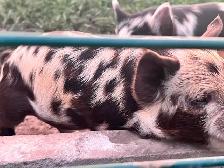 Kune Kune Piglets available To go now - Photo 7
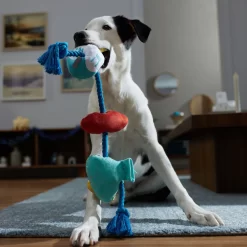 Frisco Hanukkah Celebration Plush With Rope Squeaky Dog Toy -Cat Dog Supply Store 360986 PT3. AC SS1800 V1661874063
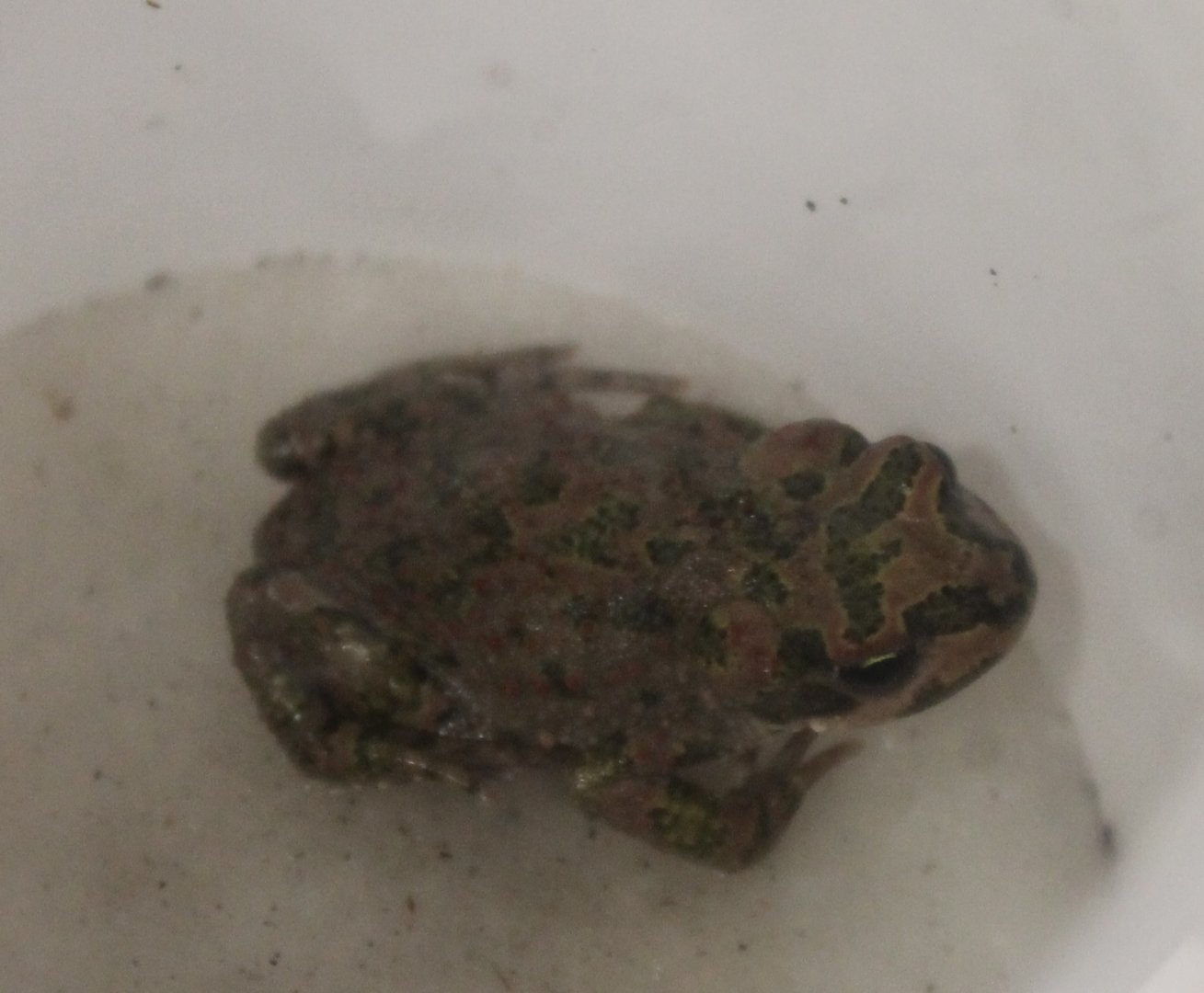 Pseudepidalea - Bufo - pewzowi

◆ ◆ ◆ ◆

| Problem to work on |
Without including any picture, set down every line above exactly as it stands.

| Exercise output |
 Kune Kune Piglets available To go now - Photo 7
 Frisco Hanukkah Celebration Plush With Rope Squeaky Dog Toy -Cat Dog Supply Store 360986 PT3. AC SS1800 V1661874063
 Pseudepidalea - Bufo - pewzowi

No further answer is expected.